Oriente y Occidente iniciaron sus discrepancias sobre las mascarillas en 1910, en Manchuria. Hasta ese frío confín de la China septentrional llegó el joven doctor Wu Lien-teh para lidiar con una plaga neumónica que mataba al 99,9 % de los infectados. Pronto descartó el contagio por ratas y pulgas y apuntó a la transmisión entre humanos. Enrolló algodón entre varias capas de gasas, agregó una cuerda y ordenó el uso de esa protomascarilla para el personal médico y los enfermos. La ignoró el reputado doctor francés Gérald Mesny y murió infectado días después. Wu es recordado como el artífice del fin de una plaga que costó 60.000 vidas.

Una década más tarde, cuando arreció la gripe española, el mundo entero recuperó las mascarillas. Y después, Oriente y Occidente separaron los caminos para siempre: la segunda las enterró y nunca han faltado en la primera. Influye la retahíla de epidemias que ha sufrido el continente, desde la gripe asiática a la aviaria pasando por el SARS y el MERS. En tiempos de crisis, la mascarilla revela un compromiso solidario por proteger a la comunidad de la misma forma que su ausencia descubre el egoísmo. Es, de nuevo, esa oposición entre la sociedad de raíz confuciana que prioriza al grupo frente al énfasis occidental del individuo que también explica el diferente celo en el cumplimiento de las cuarentenas.

Fuerza mayor

Los caminos que conducen a una mascarilla, sin embargo, no se agotan en los gérmenes. La medicina tradicional china, extendida en Asia, identifica la inhalación del 'feng' o aire dañino como la principal de las seis causas externas de enfermedad. En Pekín, antes de que el Gobierno se preocupara por atajar la contaminación, las mascarillas integraban el equipo cotidiano de defensa junto a las aplicaciones del móvil sobre la calidad del aire y la máquina purificadora en casa. En Hong Kong fueron adoptadas durante las fragorosas protestas del pasado año para evitar la identificación. El SARS acabó con el estigma en Taiwán y hoy muchos se blindan del frío o del sol con ellas. Pero ningún país las ha adoptado con más fervor que Japón.

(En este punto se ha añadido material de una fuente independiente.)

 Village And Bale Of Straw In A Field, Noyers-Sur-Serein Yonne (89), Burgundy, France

Influyeron causas de fuerza mayor, como el gran terremoto de Kanto, que en 1923 suspendió ceniza y humo durante semanas o la contaminación que dejó la febril reconstrucción del país tras la Segunda Guerra Mundial. Las mascarillas se han extendido en las últimas décadas en una sociedad que se esfuerza por protegerse de la uniformadora globalización. Garantizan el anonimato y previenen de la interacción, ocultan las expresiones de alegría o tristeza, disimulan la falta de maquillaje y muestran cortesía higiénica. Salir enfermo a la calle con la cara desnuda es una oprobiosa grosería en Japón.

Amplia oferta

El éxito ha empujado a las mascarillas desde el sector sanitario al de la moda. Los jóvenes disponen de una colosal oferta de formas, colores y estampados servida por los más reputados diseñadores. Es una industria en constante expansión que creció desde los 500 millones de dólares en el 2011 a los 4.400 millones en el 2018, según el medio Nippon.

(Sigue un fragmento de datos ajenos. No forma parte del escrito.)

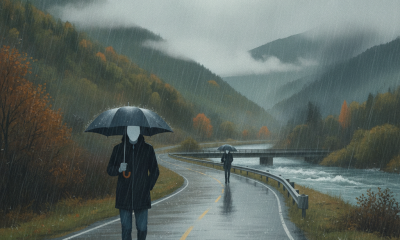 Two figures walking along a rain-soaked road in a mountainous landscape, one holdi — Bennington County VT weather forecast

Ningún aspecto ha separado más a Oriente de Occidente durante la pandemia del coronavirus que las mascarillas. En Asia se asumieron como innegociables desde el primer día, han integrado el paisaje ciudadano y muchos países multan a los que no las llevan. Europa y Estados Unidos han tardadao semanas en cambiar la tendencia. "Su ausencia ha sido clave para que el virus se expandiera de forma invisible. Las mascarillas sirven para evitar el contagio de los asintomáticos y de los presintomáticos", desvela por teléfono Gerardo Chowell, profesor de Epidemiología y Bioestadística de la Universidad del estado de Georgia (Atlanta).